Wednesday, November 18, 2009

Creamy Cheddar Grits

In order to get into the true spirit of this dish, imagine, if you would, that I'm writing in a southern accent. That's right, break out that old Southern twang and read as if you're sitting with Paula Deen, sipping sweet tea on a porch somewhere in Savanna; or, if you're feeling really adventurous, go ahead and read aloud. Yes ma'am, I said aloud. And no need to feel silly; everyone else will be doing it too. Ready? OK.

First, I had to find the right kind of grits. The recipe calls for fine quick-cooking, but not instant, grits. Since Dan's a grits connoisseur I trusted him to steer me to the right aisle. We went into the natural/organic food section, and Dan picked a bag of Bob's Red Mill Organic Grits. "You can see our Quality!" boasted the package. It looked like sand to me.

Not wanting to believe that we had to buy this ridiculous specialty bag of grits, I went back to the cereal aisle to see if I could find the right kind of grits but at a better price.

We bought Bob's.

Once home, I gathered the grits together with all of my other ingredients:

grits, half-and-half, butter, cheddar cheese, scallions, salt, and pepper 

I put a pot of water on the stove and brought it to a boil. I added the salt and then slowly added the grits:

I attempted to add them in a constant, slow, steady stream, while stirring constantly, but it was a bit of a struggle. Since the container I was using didn't have a pour spout, the grits didn't want to stream out in a constant motion. Instead, some would come out, then stop, then some more, then stop. I added them all though, relatively successfully, and lowered the heat to a simmer. This simmered for about 5 minutes, while I stirred occasionally. After the 5 minutes, the grits looked something like this:

I added the half-and-half and butter:

I brought this mixture to a simmer again, stirring occasionally. Once it was back up to a simmer, I lowered the heat somewhat, covered the pot and set the timer for 45 minutes. Throughout the 45 minutes, I continued to stir occasionally. Here's what the grits looked like after about 20 minutes:

Looking a bit less like soup

In the meantime, Dan grated the cheddar cheese:

I followed Ina's advice and bought really good Cabot cheddar from Vermont. Cheese is one thing I don't mess around with.
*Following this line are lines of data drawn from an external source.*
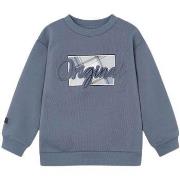 Sweat-shirt Mayoral -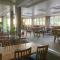 The Dorsal Boutique Hotel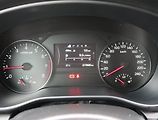 Kia Sportage (2016) GT Line 1.6 T-GDI, Serv.kniha - náhled 11
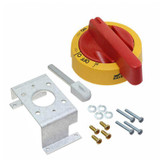 altech-okaku_lk10_yr__80254.jpg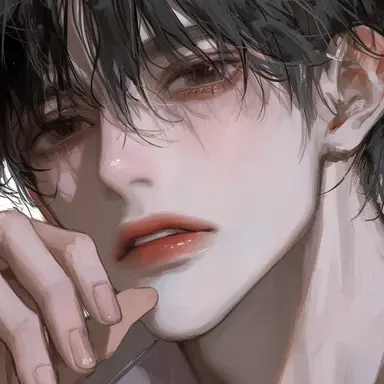 Profile image of 정도한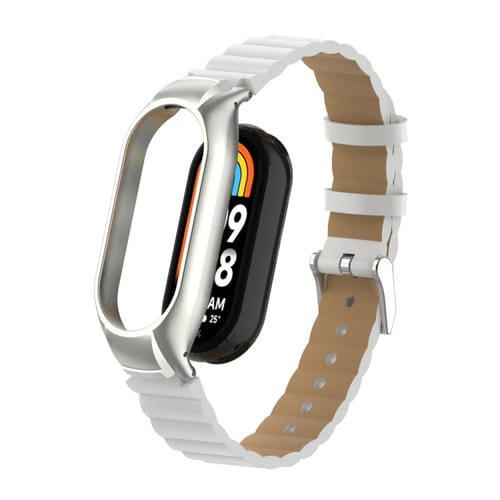 EDA004491501L.jpg@f4a0f55f8a3eb87d9ef4e7f5c39b2e5c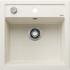 BLANCO DALAGO 5 s excentrom biela soft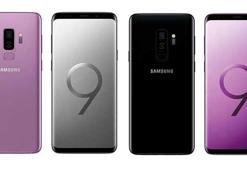 MWC 18'de tanıtılacak Galaxy S9 hangi özelliklere sahip olacak? Samsung Galaxy S9’dan beklentilerimiz neler?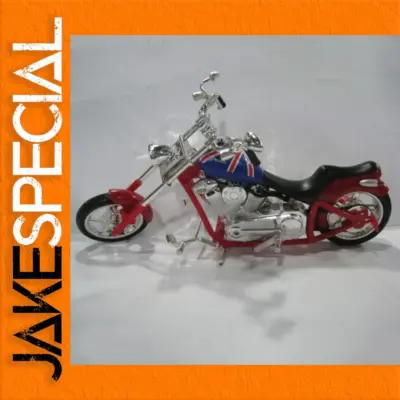 65e50c9db9df4b63bdc606b6 product image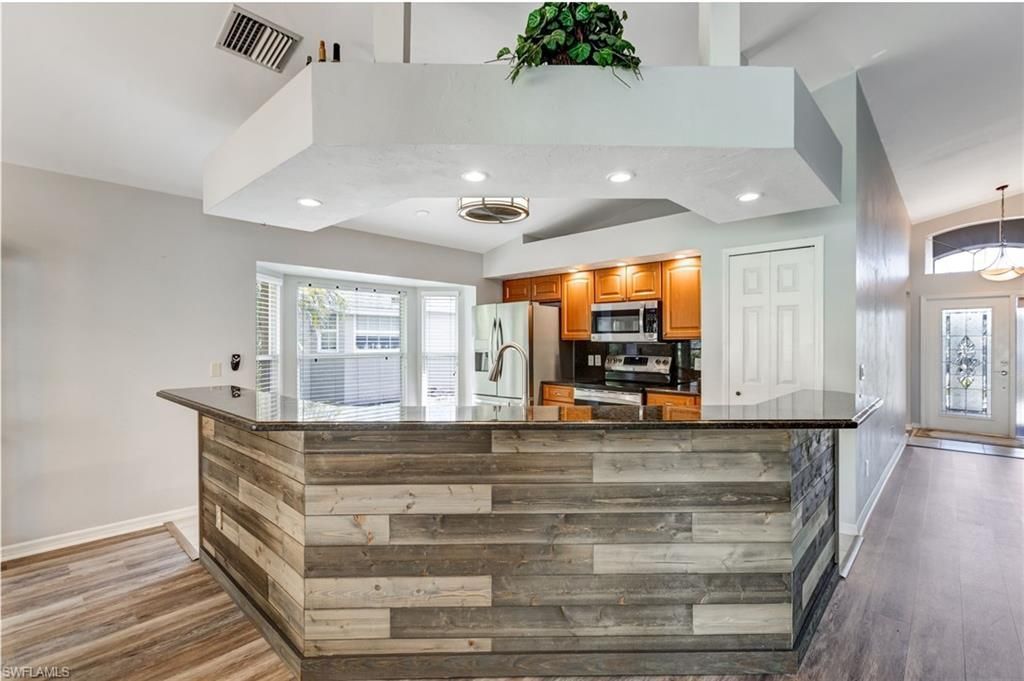 17721 Castle Harbor Dr, Fort Myers, FL 33967 Photo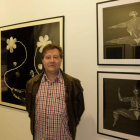 En la muestra no solo figura el capítulo de las flores, sino que también hay otros dos: ‘El Jardín de las danzarinas’ y ‘El Bestiario’.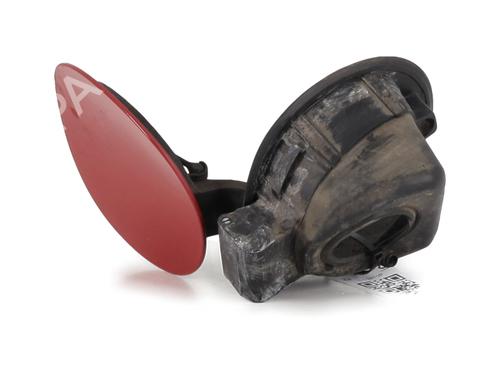 Fuel flap ALFA ROMEO GIULIETTA (940_) 1.4 TB (940FXB1A, 940FXB11) | BP30925231C131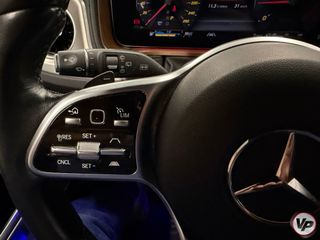 Mercedes-Benz Clase G 400d 2023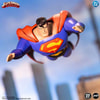 Superman (Prototype Shown) View 3
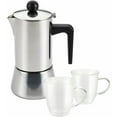 thumbnail image 1 of BonJour Espresso - 2 Pack, 1 of 7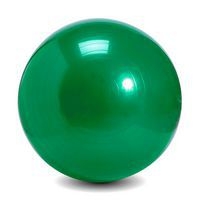 Balle gymnique gymball Ø 55 cm - Image principale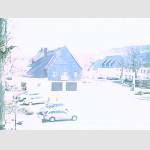 2019-04-07-15-21-Uhr.jpg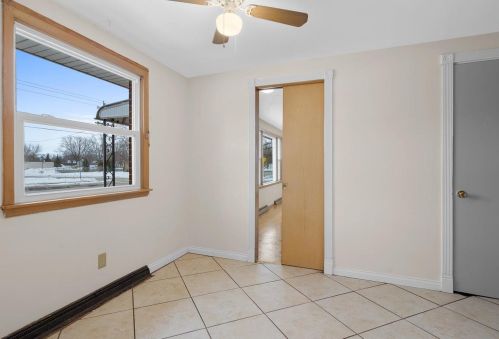 2148 Libal St, Green Bay WI  54301-2029 exterior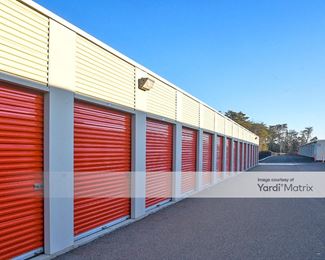 Photo 6 of Public Storage - 101 Route US 9 S, Marmora, NJ
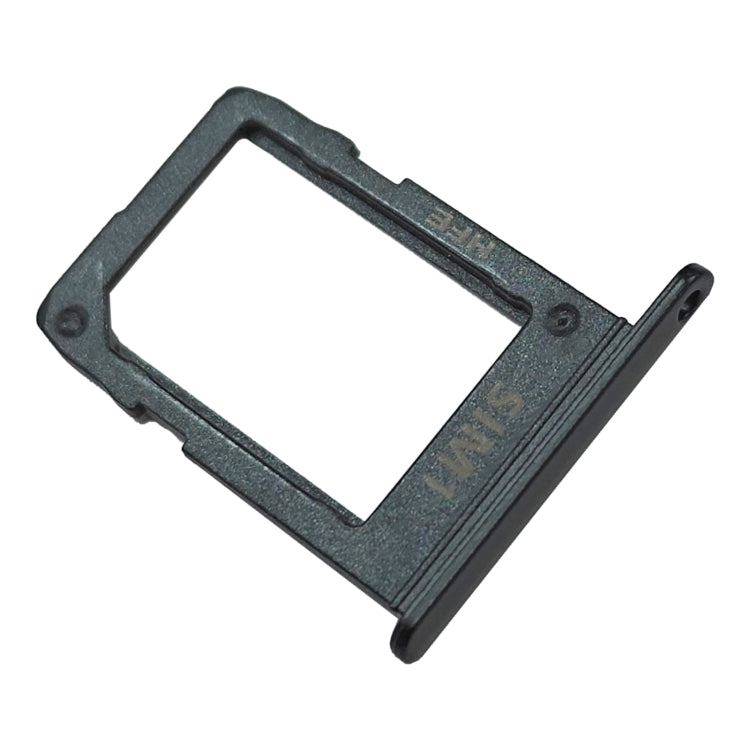 For Samsung Galaxy J4 2018 SM-J400 SIM Card Tray + SIM + Micro SD Card Tray (Black) - free shipping - PMc TechLife - Order now!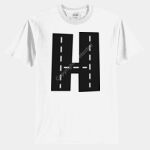 Tall Core Blend Tee Thumbnail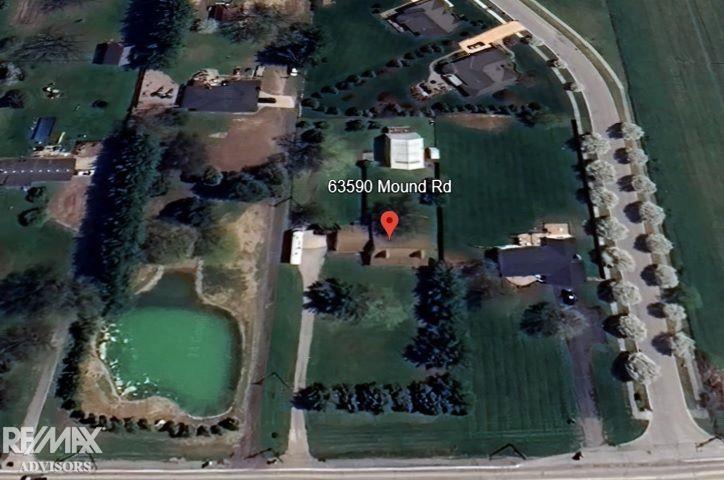 63590 Mound Road Washington, MI 48095 - Photo 21 of 21 50179408-F96726E3-E1BF-45CE-9687-0FCDEA8FFE8D.JPG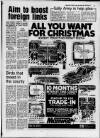 Runcorn & Widnes Herald & Post Friday 30 November 1990 Page 15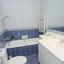 3 bedroom detached house for sale tsada paphos 8645103 thumbnail 17165256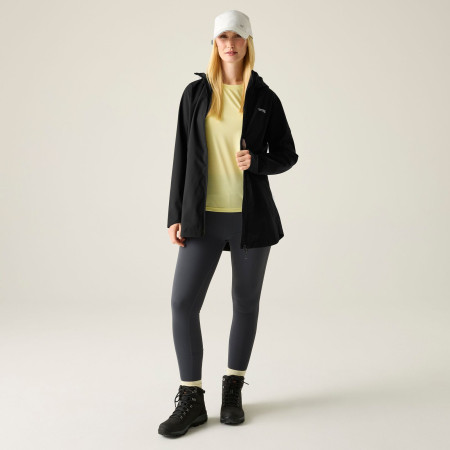 Жіноча куртка Regatta Natalina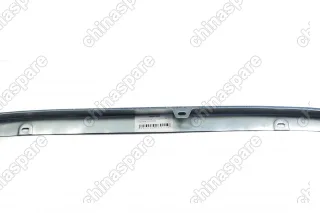 Ресничка решётки радиатора (средняя) Great Wall Deer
and I chopped the scallions:

After about 45 minutes, the grits had thickened and were smooth and creamy:

Off the heat, I added the cheddar cheese and scallions and stirred to combine:

Here's the final plating:

And here's Dan's plate about 10 minutes later:

In her description Ina likens these to mashed potatoes, which I was very skeptical about. Mashed potatoes are one of my favorite things and I didn't think grits could hold a candle to them. But once I tried them, I saw the similarity. They were creamy and filling, but unlike mashed potatoes which I can eat for days, these grits were a little too rich for me.
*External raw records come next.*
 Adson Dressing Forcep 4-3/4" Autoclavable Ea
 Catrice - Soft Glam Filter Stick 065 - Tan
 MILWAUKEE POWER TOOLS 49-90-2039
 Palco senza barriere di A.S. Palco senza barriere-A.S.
I don't usually eat grits, and I was concerned they would be coarse or grainy, but they weren't at all. Unlike me, Dan is a big fan of grits and, as evidenced by his plate above, he really liked these. The recipe instructs to serve these hot, and that is definitely necessary. As they cooled, they became less creamy and firmed up, almost to the point that if I had wanted to, I could have made the grits into patties and fried them (yum).  

Make this when: your boyfriend's grandmother is visiting from South Carolina and you want to show her that even women who live above the Mason-Dixon Line can cook a bowl of grits. 

Next Course: Baked Sweet Potato "Fries"


  1. I'm not a fan of grits but if you make this for me I'd be willing to give them a try. They sure looked good in the picture. Dan certainly seemed to like how they came out!

  2. I genuinely do not like grits, I tried them when I was in Charleston. However I really liked this post! I found it charming, smart, funny, and a little quirky. I loved how you suggested reading it with a southern accent. I loved the way you wrote about how you tried to buy different grits but ended up with Bob's. And I loved the Make this when section. Can't wait for the sweet potato fries!

  3. Had I read this recipe before my usual "mom" breakfast I may have forgone my usual steel cut oats for these babys - though I am not they wuld have has the same effect on my cholesterol. They have become all the rage at "grits bars" at weddings these days expecially when the couple hails from above and below the maison dixon line.